> [DATA PROVIDED]
▼▼▼

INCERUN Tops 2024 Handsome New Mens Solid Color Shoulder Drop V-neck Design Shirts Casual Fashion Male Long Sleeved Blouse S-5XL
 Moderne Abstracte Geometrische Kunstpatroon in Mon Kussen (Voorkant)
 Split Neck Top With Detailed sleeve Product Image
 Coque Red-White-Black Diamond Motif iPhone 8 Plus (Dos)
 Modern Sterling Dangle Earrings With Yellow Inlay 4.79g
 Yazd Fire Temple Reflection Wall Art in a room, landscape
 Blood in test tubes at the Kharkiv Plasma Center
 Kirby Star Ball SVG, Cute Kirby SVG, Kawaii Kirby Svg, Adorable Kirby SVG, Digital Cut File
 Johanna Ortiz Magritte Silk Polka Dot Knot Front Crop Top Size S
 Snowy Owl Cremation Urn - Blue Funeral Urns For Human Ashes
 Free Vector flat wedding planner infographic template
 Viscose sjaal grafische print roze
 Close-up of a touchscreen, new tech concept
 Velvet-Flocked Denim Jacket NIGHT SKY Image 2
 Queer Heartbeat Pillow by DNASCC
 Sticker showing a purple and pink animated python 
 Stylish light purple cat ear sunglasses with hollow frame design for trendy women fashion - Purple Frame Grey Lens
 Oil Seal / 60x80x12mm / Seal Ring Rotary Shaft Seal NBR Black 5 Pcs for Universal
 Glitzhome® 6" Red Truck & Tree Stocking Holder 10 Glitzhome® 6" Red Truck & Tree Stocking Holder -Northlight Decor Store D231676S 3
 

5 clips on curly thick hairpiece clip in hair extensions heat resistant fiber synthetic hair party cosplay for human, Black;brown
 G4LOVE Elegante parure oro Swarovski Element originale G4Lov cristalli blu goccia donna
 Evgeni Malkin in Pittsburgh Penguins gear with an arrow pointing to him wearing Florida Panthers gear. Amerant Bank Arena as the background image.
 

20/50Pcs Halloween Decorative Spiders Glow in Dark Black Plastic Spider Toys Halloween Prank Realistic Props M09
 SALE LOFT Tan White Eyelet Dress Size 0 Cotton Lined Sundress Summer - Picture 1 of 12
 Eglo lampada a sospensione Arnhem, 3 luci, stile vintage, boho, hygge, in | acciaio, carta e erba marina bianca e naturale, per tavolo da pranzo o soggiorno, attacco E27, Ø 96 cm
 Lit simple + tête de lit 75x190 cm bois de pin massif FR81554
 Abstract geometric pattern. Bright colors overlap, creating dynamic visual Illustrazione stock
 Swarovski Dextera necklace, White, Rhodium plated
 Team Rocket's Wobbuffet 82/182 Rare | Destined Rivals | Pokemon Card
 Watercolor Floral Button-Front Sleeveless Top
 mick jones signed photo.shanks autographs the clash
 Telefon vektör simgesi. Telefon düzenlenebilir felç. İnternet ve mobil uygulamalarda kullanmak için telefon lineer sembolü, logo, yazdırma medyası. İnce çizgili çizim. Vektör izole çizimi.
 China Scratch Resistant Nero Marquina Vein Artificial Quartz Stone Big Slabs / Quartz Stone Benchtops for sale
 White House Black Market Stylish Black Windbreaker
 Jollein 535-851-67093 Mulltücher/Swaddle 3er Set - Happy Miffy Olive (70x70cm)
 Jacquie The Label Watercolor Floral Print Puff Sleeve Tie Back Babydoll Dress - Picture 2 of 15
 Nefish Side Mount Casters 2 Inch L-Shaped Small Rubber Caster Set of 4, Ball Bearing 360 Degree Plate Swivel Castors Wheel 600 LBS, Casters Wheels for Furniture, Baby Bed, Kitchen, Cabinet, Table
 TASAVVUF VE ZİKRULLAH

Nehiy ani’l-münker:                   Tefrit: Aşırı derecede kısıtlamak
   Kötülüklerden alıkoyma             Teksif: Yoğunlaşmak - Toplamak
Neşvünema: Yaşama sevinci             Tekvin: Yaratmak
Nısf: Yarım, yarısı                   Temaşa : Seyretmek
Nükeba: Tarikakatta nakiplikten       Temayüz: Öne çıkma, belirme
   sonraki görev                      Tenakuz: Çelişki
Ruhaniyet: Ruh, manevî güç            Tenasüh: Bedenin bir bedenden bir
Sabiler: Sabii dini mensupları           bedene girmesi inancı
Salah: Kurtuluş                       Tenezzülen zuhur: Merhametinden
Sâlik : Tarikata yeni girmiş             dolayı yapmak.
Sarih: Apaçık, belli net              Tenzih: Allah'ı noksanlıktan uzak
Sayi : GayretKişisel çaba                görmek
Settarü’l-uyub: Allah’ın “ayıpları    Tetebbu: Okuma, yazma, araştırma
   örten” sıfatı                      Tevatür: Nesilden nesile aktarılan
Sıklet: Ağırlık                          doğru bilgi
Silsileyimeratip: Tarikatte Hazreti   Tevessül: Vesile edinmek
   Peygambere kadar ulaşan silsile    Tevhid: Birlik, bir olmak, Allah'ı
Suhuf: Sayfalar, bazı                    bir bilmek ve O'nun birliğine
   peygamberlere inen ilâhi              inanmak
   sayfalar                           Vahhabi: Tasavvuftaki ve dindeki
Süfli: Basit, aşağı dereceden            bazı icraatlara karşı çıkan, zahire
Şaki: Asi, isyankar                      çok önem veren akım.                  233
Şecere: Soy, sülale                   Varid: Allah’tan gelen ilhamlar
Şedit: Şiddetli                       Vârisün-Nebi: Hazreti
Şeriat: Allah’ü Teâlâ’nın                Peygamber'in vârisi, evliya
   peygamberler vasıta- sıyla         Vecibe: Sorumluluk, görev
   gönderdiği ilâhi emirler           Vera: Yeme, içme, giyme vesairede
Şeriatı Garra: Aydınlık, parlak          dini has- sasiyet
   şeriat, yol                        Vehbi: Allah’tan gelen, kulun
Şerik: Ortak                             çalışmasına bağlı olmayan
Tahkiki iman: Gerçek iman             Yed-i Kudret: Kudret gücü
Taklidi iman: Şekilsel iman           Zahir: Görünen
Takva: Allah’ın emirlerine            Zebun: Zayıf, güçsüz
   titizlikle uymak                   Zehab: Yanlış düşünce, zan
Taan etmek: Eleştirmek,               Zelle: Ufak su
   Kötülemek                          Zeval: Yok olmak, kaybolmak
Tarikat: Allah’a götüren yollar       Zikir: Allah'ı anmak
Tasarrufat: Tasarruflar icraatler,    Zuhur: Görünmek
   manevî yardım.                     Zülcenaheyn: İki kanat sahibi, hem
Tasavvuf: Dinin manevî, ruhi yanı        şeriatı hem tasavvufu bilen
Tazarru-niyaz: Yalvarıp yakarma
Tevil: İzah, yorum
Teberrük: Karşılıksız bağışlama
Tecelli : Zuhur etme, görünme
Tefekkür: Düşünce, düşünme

▲▲▲

> [YOUR GOAL] Which of the lines in the data hold the string "Size"? Report each of them by copying it.

> [EXPECTED OUTPUT]
 Johanna Ortiz Magritte Silk Polka Dot Knot Front Crop Top Size S
 SALE LOFT Tan White Eyelet Dress Size 0 Cotton Lined Sundress Summer - Picture 1 of 12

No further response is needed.